Now in 2015, under Park Geun Hye's presidency in South Korea, President Park was something of a child at the helm of state affairs. She was present at token events, but was completely incapable of legislating or ruling. She held few meetings, gave few conferences and interviews, and was suspicious of politicians getting together to discuss policy. She had something of a break from political reality, and did not encourage her team to go find out what's going on in the ground. A Middle Eastern Respiratory Syndrome outbreak took place, and Park, I'm talking rumors here, tried her best not to reveal the outbreak to the public. The press was hesitant to talk about the outbreak, fearing reprisals, so people took to social media to speculate on the outbreak. There were no hand sanitizers, no infrared cameras, group activities were not suspended, and people who showed symtoms of a cold were forced to go to work. This was one of many issues that were kept secret from the public, as other disasters were kept secret from the public, and are still a secret.

So what do you need politics for? You need politics for the following.

-The regulation of military, environmental, political, economic and social life.

-Elaborating strategies on military, environmental, political, economic and social issues.

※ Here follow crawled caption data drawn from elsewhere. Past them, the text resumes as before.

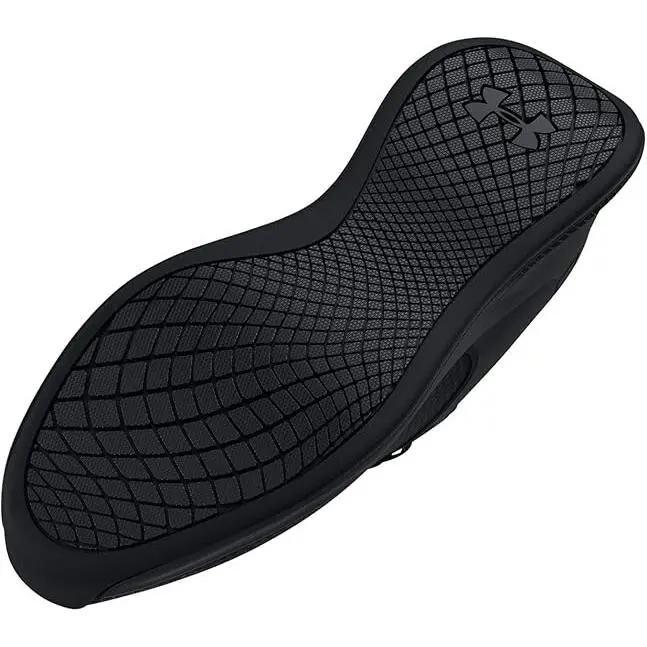 Under Armour shoes - Under Armour Charged Aurora 2 - 3025060-003 - Black/Black 3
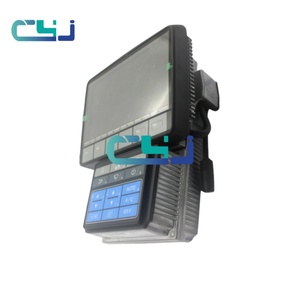 หน้าจอแสดงผล CYJ รุ่น 7835311003 7835-31-1003 สำหรับรถขุดโคมัตสึ PC200-8 อะไหล่สำหรับงานก่อสร้าง - Product Image 3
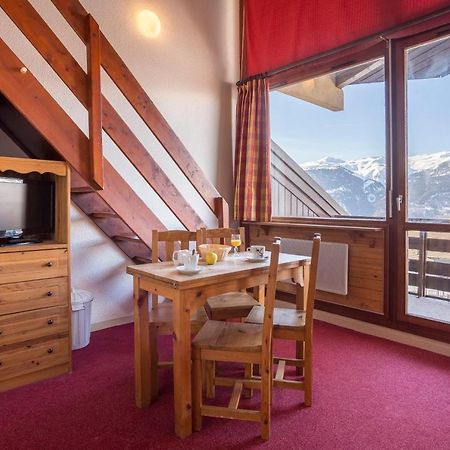 Vvf La Plagne Montalbert Paradiski Екстериор снимка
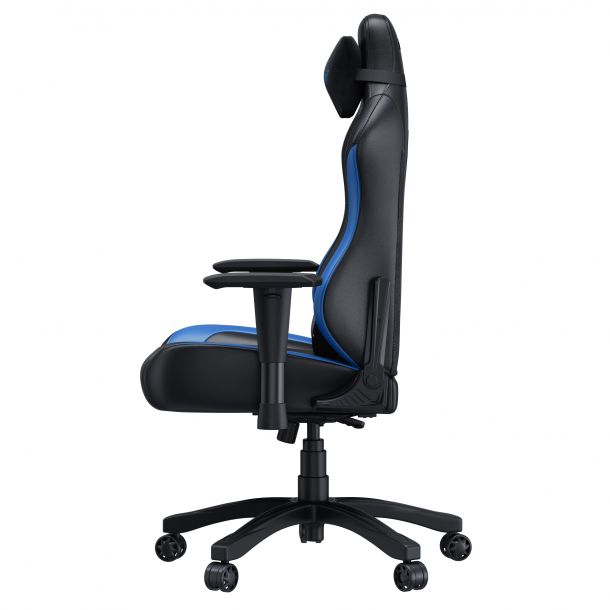 Кресло геймерское Anda Seat Luna Color L Blue (871380166) в интернет-магазине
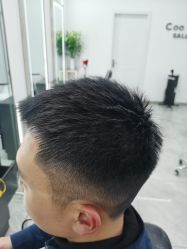 -Coo Hair salon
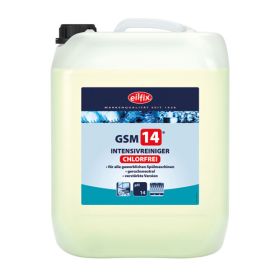 GSM 14, chlorfrei, 14 kg-image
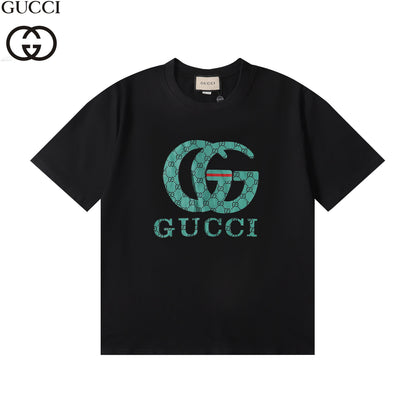 Vintage-Print-T-Shirt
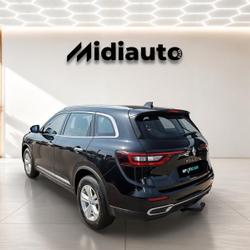 Renault Koleos 1.6 dCi 130ch energy Zen Caudan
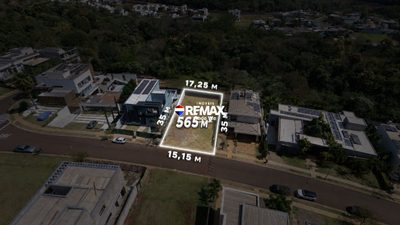 Terreno, 565 m² - Foto 3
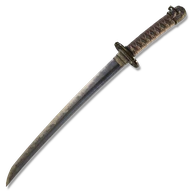 Wakizashi icon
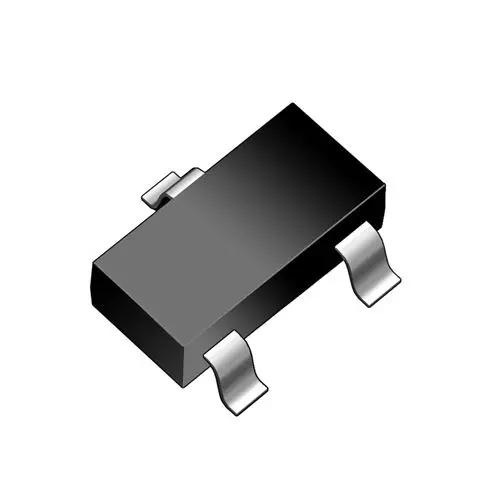 Free Shipping 10 PCS/LOT J113 MMBFJ113 35V2MA SOT23 NEW IN STOCK IC | Электронные компоненты и принадлежности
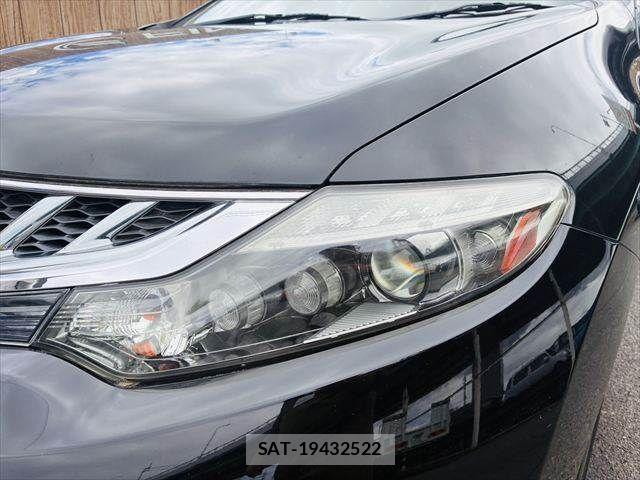 Nissan MURANO 2013-04 5873102-22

-Designing budgets and collecting statistics on military, environmental, political, economic and social issues.

-Crisis prevention and management in military, environmental, political, economic and social issues.

-Elaborating healthcare, policing, social activities like sports, education and tourism, elaborating budgets and financial policies and so on.

With populations getting larger and resources still scace, most governments can not help but be centralized and legislate on the collective, rather than leaving management to smaller units. But there are varying degrees of political philosophies and people don't always agree on what the government should or shouldn't do. 

Politics in the tabloid journalism era

As I said before, ideas are discussed in journals. Events are discussed in newspapers. And people are discussed in tabloids. There's a growing trend where it's not the ideas being discussed, it's not the events being discussed, it's the politicians who are being discussed.

This has several implications for politics and politicians. When there's so much focus on politicians, politicians will try their best to get tabloid headlines to play in their favor. They will tend to promote ideas with high popular approval ratings, even when such ideas are not logically, economically or socially the best ideas to promote. Angela Merkel's “refugees” welcome policy was a case in point, and Canadian Premier Justin Trudeau followed suit by championing the welcoming of refugees. Neither had clear ideas nor clear events set up to welcome refugees. Sleeping in a tent in the freezing temperatures of Germany or Canada may not be the best idea, but in an era of tabloid journalism, Merkel and Trudeau knew what they were doing.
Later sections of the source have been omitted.